The first time I had malaria, I had to call into work and I was sitting at home with a fever. My chief Samuel sent Gaur to take me to the hospital, but he felt so free he came directly into my house and knocked directly on my bedroom door under directions from my houseboy. So he took me to the hospital for a blood test, but after that said he had some errands and took me to his home so I could lie down and watch television. (This was quite a luxury. First, he had a television and second, they had a powerful generator that they were able to run during the day). But it was just a feeling, I became so uncomfortable. He even insisted I lie down in his bed while he went for his errands but I refused, explaining that I wanted to watch television.
After time, Gaur kept inviting me to Indian parties, but I kept refusing. Then he kept mentioning that his friends were coming with their “girlfriends” and would like me to come too. I did not let that pass by me… I asked him if these friends were married, and he said yes, but they had girlfriends here. And then I made clear that I would have no place there since I was nobody’s girlfriend. I don’t think he thought I was, but it was like he was dreaming. It was like he had this strange childish crush on me. Was he not criticizing all the Africans for not having family values? I was confused.
From then on, even though I knew somehow he was a nice man, I really tried to distance myself from Gaur. My office was already planned to be in a small container that was far from the rest of the Engineering unit. It was planned this way, because it was the only place they had room at the moment, and they could also add water pipes and other things for my laboratory work. I was a little upset about this at the beginning, because it was really about a 10 minute walk to the rest of Engineering and I knew with all the bureaucracy I would have to walk back and forth a lot for no reason, and also it would be difficult to get information. In general, it was frustrating working with everyone, because they were not very co-operative and for the most part lazy, difficult to communicate with, so I imagined the situation would be worse if I was far from everybody.
Gaur informed our boss that he would share the office with me. I didn’t like this idea at all, partly because he was kind of too lazy and relaxed and partly because I knew he would feel even more like I was his possession. So I argued the possibility and said it didn’t make sense, there was no room because it was going to be a laboratory (this was true), and the issue was dropped. And… the point was taken. After this time, Gaur became more afraid of me, and never asked me again to Indian dinners.

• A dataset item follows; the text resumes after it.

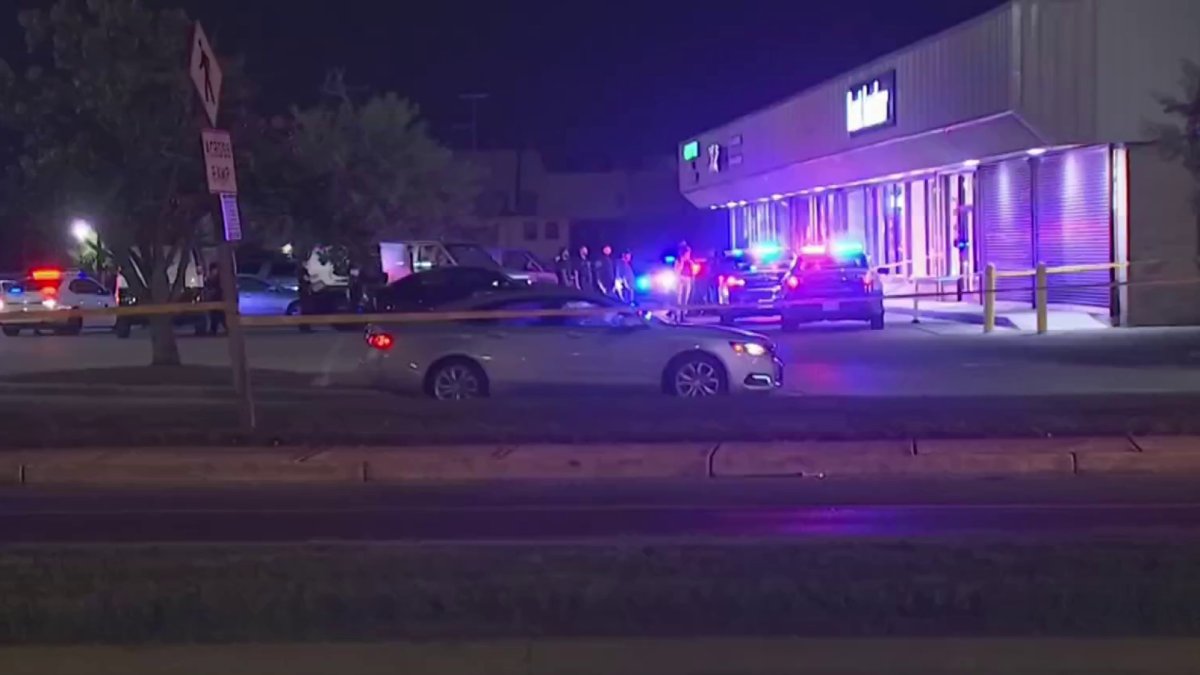 2 arrested in fatal shooting at Foot Locker – NBC4 Washington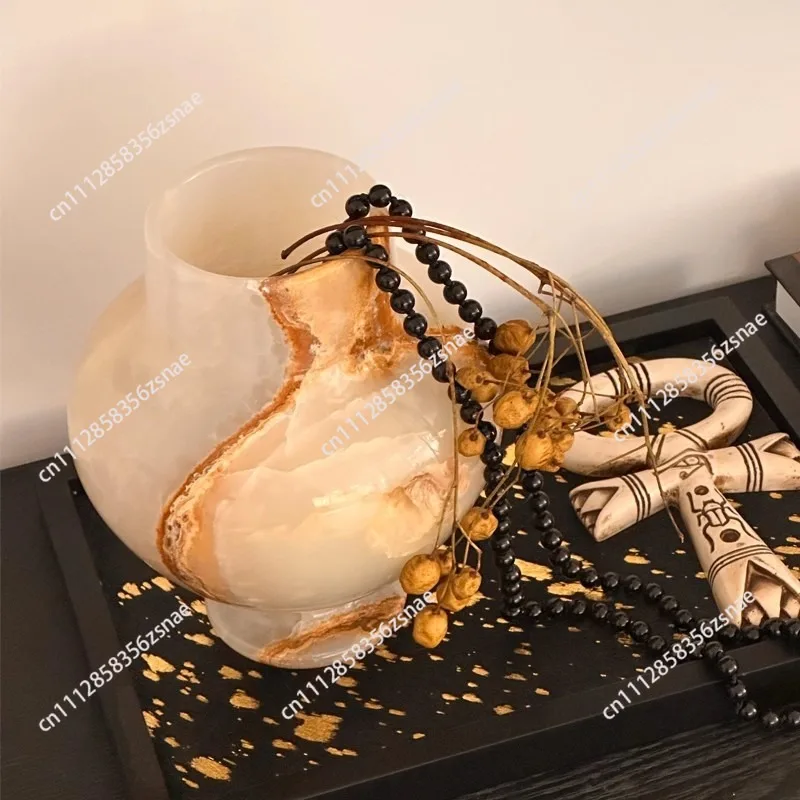 Medieval wind wabi-sabi wind bookshelf bookcase wine cabinet decoration jade flower vase fengdan jade cong vase soft decoration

In general, I was apprehensive about social things in Sierra Leone, because the only source of entertainment seemed to be nightclubs. There were no movie theatres, no libraries, hardly any cafes, and not even so many restaurants. I was reluctant to go to any nightclub and feared it would be another China House. In addition to all of this, I only seemed to know men so far, so I didn’t exactly feel comfortable going out with them all the time, especially with all the misunderstandings I had already encountered. And I had no vehicle, so I was completely dependent on others. I was really beginning to feel lonely. I was constantly surrounded by people but I really didn’t fit in — nor did I want to.